This of course takes place gradually over the next several decades well into the 2nd century.... It doesn't happen everywhere all at once, in the same way. It's a complex, protracted process. And we must allow for variety; the place of Christianity, let's say in the year 100 CE, may not be the same in Egypt as it is in Judah. It may not be the same in Rome as it is in Asia Minor. We have to ask ourselves constantly - How did the Christians see themselves? How did the Jews see the Christians? How did the gentiles see the Christians? How did each of these groups understand the other and how they fit into the larger society? And the answers may not be the same. There's no guarantee that the Christians and the Jews necessarily looked at each other in the same way at any given moment. We have to allow for a wide variety of opinions. But the tendency, nonetheless, I think is very clear: Christianity is becoming less "Jewish" and is turning into something new and different. ...

For some Christians, this never happens. They can't bring themselves to say that God has thoroughly redrawn the map of the cosmos and has taken them out of the Jewish world and pushed them out into the stage of history. ... Other Christians, of course, disagree with Paul on exactly how to read this new map and exactly what it means, and most importantly, where do the Jews fit in now, those Jews who are "being left behind."... But, in any case, the Christian church itself was now emerging as a new, independent group by the middle of the 2nd century. ...

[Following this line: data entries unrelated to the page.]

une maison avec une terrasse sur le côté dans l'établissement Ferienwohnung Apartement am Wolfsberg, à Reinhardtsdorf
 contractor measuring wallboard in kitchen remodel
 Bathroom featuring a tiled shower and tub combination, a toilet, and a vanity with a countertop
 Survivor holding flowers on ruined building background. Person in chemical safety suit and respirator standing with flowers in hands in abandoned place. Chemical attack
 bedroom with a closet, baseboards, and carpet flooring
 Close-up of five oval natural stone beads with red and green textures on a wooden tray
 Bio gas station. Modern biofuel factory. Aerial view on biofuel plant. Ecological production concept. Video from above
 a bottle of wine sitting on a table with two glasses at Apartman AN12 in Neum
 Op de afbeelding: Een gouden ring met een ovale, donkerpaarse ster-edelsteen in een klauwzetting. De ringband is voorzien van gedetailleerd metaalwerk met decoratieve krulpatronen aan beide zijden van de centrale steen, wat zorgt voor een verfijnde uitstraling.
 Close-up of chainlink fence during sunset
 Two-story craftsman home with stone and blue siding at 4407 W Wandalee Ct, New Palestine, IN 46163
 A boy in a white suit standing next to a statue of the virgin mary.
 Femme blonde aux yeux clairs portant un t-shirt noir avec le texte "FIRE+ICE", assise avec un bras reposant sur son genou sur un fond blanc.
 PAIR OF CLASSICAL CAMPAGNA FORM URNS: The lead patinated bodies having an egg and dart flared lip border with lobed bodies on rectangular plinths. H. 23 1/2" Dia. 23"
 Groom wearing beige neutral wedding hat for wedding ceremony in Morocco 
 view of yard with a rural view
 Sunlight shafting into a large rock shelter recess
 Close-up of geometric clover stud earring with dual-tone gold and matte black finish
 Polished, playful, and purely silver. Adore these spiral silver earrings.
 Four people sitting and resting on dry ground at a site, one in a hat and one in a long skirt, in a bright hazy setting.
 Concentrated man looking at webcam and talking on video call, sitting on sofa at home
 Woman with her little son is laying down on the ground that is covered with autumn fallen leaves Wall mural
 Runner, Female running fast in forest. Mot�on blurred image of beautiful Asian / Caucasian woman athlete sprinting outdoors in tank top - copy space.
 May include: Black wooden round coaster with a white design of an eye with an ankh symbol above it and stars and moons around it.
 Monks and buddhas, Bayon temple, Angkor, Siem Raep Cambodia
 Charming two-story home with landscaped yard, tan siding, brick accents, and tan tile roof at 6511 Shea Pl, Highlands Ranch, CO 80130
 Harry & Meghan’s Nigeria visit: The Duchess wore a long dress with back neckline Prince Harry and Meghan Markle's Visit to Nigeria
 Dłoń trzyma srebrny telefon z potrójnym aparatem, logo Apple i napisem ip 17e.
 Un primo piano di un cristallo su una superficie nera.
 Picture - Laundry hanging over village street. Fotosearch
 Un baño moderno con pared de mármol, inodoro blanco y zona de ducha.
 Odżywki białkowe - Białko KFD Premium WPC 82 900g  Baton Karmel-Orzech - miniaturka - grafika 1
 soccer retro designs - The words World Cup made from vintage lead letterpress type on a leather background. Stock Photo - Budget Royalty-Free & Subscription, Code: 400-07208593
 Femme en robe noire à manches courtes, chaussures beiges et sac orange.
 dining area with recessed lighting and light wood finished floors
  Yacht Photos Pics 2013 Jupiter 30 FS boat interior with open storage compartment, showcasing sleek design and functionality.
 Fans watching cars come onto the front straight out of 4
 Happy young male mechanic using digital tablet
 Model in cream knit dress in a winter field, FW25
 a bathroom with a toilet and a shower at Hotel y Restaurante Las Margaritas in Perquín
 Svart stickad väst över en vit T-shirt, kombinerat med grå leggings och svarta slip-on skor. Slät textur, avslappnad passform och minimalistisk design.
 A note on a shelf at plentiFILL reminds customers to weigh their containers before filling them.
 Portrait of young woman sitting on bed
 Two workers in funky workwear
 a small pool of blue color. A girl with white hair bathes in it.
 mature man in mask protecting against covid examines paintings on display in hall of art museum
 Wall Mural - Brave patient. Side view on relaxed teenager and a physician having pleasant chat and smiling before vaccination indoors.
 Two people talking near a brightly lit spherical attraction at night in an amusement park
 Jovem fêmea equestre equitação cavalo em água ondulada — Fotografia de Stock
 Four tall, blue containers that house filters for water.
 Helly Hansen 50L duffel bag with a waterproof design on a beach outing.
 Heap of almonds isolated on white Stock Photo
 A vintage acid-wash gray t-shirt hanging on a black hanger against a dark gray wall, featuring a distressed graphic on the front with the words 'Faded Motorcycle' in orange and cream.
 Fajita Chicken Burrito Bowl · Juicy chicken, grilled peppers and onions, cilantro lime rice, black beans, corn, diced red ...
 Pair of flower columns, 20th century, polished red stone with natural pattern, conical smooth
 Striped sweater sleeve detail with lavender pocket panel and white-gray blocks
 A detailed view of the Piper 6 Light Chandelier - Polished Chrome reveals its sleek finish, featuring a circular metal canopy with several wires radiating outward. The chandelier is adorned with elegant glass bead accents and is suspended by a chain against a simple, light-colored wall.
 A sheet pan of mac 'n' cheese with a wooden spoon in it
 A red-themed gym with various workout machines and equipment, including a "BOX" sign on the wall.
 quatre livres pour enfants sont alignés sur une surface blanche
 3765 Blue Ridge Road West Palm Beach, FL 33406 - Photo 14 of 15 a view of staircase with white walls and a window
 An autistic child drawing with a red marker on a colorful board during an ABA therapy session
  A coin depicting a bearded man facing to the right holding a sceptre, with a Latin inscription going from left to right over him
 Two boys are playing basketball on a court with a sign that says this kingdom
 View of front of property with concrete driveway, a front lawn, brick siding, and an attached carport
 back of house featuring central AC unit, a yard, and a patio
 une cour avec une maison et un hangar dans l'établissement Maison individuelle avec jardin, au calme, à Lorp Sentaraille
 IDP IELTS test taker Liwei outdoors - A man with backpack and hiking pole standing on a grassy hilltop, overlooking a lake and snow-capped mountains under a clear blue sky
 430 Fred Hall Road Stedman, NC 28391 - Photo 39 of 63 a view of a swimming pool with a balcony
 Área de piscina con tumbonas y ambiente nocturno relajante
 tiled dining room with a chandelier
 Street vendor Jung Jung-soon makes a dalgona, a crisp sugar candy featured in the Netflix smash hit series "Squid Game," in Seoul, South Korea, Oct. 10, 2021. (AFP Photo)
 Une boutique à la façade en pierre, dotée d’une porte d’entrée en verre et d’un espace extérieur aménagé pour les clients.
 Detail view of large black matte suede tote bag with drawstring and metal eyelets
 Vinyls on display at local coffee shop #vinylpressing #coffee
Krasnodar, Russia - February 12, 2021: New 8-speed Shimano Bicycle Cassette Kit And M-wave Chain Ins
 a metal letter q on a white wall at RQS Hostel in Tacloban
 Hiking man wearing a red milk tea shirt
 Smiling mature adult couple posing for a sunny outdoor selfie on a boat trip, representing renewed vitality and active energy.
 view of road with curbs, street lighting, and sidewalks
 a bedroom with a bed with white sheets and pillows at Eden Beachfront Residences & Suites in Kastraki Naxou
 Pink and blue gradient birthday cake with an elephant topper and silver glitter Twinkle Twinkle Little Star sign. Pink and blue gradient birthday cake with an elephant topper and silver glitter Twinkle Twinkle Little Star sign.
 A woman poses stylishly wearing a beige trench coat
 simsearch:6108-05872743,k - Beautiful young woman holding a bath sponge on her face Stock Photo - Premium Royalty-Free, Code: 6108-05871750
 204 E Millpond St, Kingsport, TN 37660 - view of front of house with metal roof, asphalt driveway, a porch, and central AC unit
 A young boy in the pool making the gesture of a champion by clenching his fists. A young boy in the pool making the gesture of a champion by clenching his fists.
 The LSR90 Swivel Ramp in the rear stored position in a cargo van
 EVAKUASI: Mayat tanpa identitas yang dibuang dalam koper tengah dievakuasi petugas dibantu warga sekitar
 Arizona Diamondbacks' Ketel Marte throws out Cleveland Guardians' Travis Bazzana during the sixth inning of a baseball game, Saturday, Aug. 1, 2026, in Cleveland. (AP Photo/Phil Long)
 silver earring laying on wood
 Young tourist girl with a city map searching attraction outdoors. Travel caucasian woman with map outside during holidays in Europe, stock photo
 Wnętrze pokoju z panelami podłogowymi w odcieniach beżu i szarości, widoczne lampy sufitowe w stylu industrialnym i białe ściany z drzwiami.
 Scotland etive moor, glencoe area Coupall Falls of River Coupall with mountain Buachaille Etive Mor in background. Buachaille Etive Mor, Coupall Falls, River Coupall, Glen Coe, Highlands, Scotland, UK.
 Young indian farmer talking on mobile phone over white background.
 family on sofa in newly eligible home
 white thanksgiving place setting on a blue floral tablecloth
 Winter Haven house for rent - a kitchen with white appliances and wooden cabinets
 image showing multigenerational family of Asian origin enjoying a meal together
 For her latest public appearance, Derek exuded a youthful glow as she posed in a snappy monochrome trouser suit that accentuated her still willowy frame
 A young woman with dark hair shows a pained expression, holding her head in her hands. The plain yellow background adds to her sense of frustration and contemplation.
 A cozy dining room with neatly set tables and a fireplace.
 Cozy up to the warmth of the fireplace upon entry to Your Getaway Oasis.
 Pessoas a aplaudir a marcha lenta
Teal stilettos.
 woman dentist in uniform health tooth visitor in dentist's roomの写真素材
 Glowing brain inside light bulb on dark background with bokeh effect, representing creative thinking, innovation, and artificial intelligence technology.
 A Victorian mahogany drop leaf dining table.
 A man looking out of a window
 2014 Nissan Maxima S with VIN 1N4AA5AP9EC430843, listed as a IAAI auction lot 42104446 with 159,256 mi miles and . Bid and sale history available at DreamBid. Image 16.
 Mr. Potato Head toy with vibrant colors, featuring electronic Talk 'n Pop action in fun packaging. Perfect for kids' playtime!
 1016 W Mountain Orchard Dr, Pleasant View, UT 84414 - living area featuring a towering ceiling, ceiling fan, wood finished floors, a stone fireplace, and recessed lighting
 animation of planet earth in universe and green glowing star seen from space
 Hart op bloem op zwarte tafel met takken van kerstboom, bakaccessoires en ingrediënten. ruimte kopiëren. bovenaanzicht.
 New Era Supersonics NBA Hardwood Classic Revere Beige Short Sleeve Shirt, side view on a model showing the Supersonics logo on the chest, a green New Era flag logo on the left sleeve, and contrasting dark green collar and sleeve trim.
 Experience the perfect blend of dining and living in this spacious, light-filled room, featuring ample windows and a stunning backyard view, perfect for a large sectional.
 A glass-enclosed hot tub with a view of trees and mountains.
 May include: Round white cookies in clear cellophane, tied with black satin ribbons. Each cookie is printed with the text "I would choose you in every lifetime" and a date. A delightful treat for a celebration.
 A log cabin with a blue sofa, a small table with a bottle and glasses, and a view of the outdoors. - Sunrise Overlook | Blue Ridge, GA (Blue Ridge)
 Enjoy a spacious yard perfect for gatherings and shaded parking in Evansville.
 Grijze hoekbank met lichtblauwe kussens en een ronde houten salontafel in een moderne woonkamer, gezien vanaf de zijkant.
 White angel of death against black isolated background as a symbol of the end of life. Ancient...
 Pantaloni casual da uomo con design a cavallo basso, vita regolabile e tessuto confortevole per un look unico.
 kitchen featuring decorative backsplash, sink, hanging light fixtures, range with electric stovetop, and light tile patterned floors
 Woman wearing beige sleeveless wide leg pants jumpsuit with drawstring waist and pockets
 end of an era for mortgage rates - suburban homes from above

The second century of our era was the age of definition before Christianity. Now that it realized it no longer was Judaism, or no longer was a form of Judaism, it had to figure out, well then, what is it exactly? What is Christianity? What makes it not Judaism, what makes it not Jewish? How is it able to somehow at one and the same time hold on to the Jewish Scriptures, what we call the Old Testament, and still not be Judaism, and still not be Jewish? This was one of the major questions confronting Christian thinkers, writers, church leaders in the second century. This was the great age of Christian diversity, sects, schools, heresies of all kinds, confronting Christian thinkers, and it was only in the second century that we begin to see the emergence of what we might call an orthodoxy, or something that might simply be called "Christianity" in a kind of uniform body of doctrines and text, that is to say, the New Testament. The New Testament as a collection of texts is a product of the second century, as the church figured out which books are sacred, which books are authoritative and which ones are not. ...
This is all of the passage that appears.